Baccei però non pagherà, nei rapporti interni all’esecutivo subito degenerati, per il suo sguardo rivolto verso la Capitale. Semmai, per il fatto di avere – a torto o a ragione – puntato i riflettori contro alcune storture. Senza indorare la pillola. Con l’intento, secondo i detrattori, di far apparire decisivo l’intervento di Roma e dei siciliani che rappresentano il governo nazionale. Di minare, insomma, l’autonomia dell’Isola.

Poche settimane dopo l’approvazione del bilancio ripartono gli scontri. Anche stavolta, l’attacco a Baccei sarà “indiretto”. L’affondo giunge infatti dalla vicepresidente della Regione e “alter ego”, ormai, del governatore, Mariella Lo Bello. L’accusa a Baccei, stavolta, è quella di non aver previsto in manovra i soldi per fare partire i corsi di Formazione indirizzati ai ragazzi delle scuole. Un ritardo che aveva portato il Ministero dell’Istruzione (già, proprio quello in cui Faraone ricopre il ruolo di sottosegretario) a una minaccia di commissariamento.

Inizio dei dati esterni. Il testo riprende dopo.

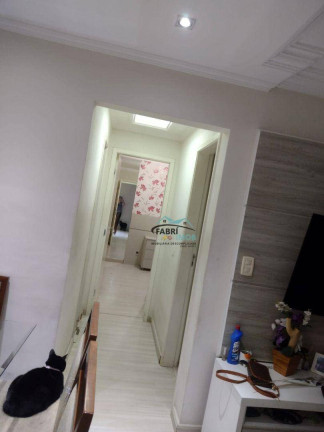 Imagem Apartamento com 2 Quartos à Venda, 54 m² em Jardim Guarujá - Sorocaba
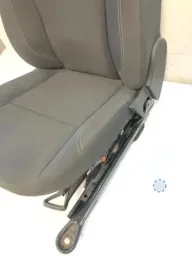 BANCO DIANTEIRO LADO DIREITO CARONA NEW FIESTA 13/19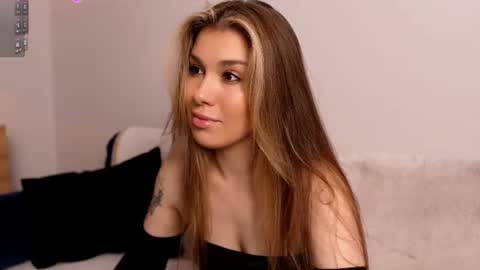 Sasha online show from August 2026 09:57:02 PM
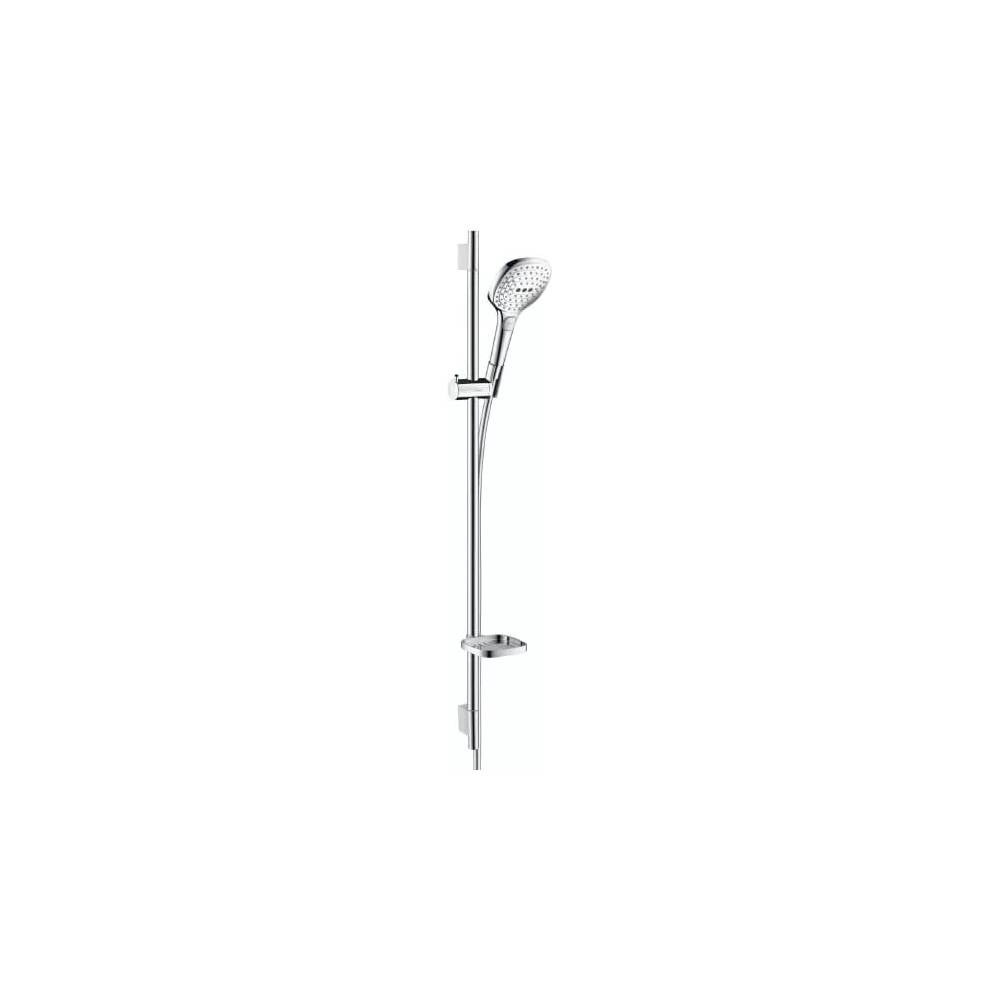 "Hansgrohe" dušo rinkinys "Raindance Select E 120" 26621400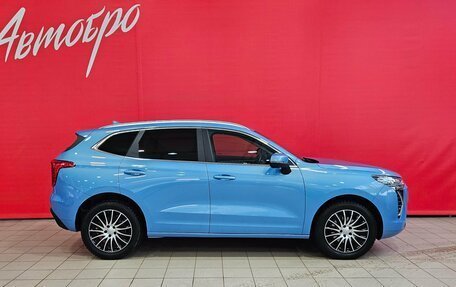 Haval Jolion, 2023 год, 1 865 000 рублей, 6 фотография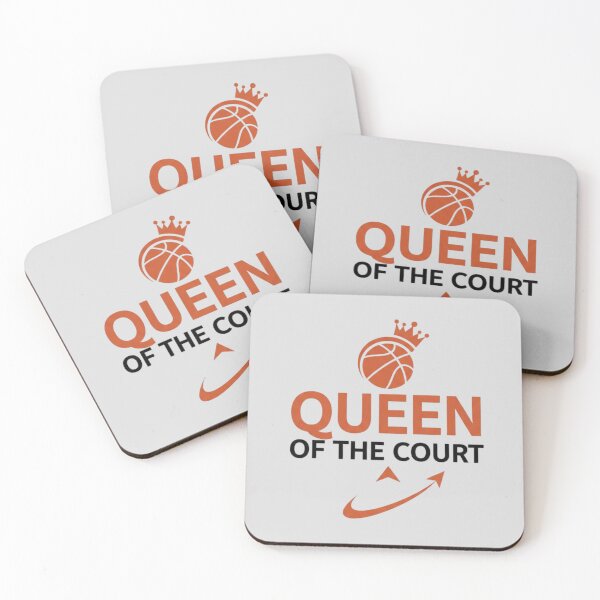 Item preview, Basketball Crown & Swoosh Design designed and sold by LoudVictory.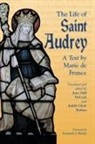 Judith Clark Barban, Marie De France, Marie France, De France Marie, June Hall McCash, June Hall (EDT)/ Barban McCash... - The Live of Saint Audrey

Ma Crocetta fu più diretto circa un mese dopo quando, in occasione dell’ingresso in giunta di Giovanni Pistorio, puntò il dito contro un assessore all’Economia “troppo rigido. Continuiamo a parlare lingue diverse”. Una idea, questa, che nel corso dell’anno ha finito per coinvolgere, come detto, molti deputati, preoccupati per una campagna elettorale troppo vicina per presentarsi a essa sulla scia di scelte impopolari. Una preoccupazione giustificata da alcune prese di posizione ufficiali di Baccei, come in occasione della manovrina di assestamento di un mese fa, quando polemizzò con pezzi della maggioranza e indirettamente anche con la collega dell’Agricoltura Rosaria Barresi sui fondi da destinare ai Consorzi di bonifica. “Prima approvino i bilanci”, disse in sostanza Baccei.

L’assessore, insomma, ha giocato il ruolo dello “stopper” di Crocetta, del suo “marcatore a uomo”. Avversari, in campo. Non certo compagni. E più che i fatti o le parole, indicativo fu il silenzio. Pochi giorni fa all’assessore è state recapitata una lettera anonima di minacce. Un argomento che solitamente accende la sensibilità di Crocetta. Ma nella valanga di attestati di solidarietà non è stato rinvenuto quello del governatore. Come se Baccei non fosse il suo assessore. Come se, in fondo, non fosse stato mai, fin dall’inizio, un suo assessore.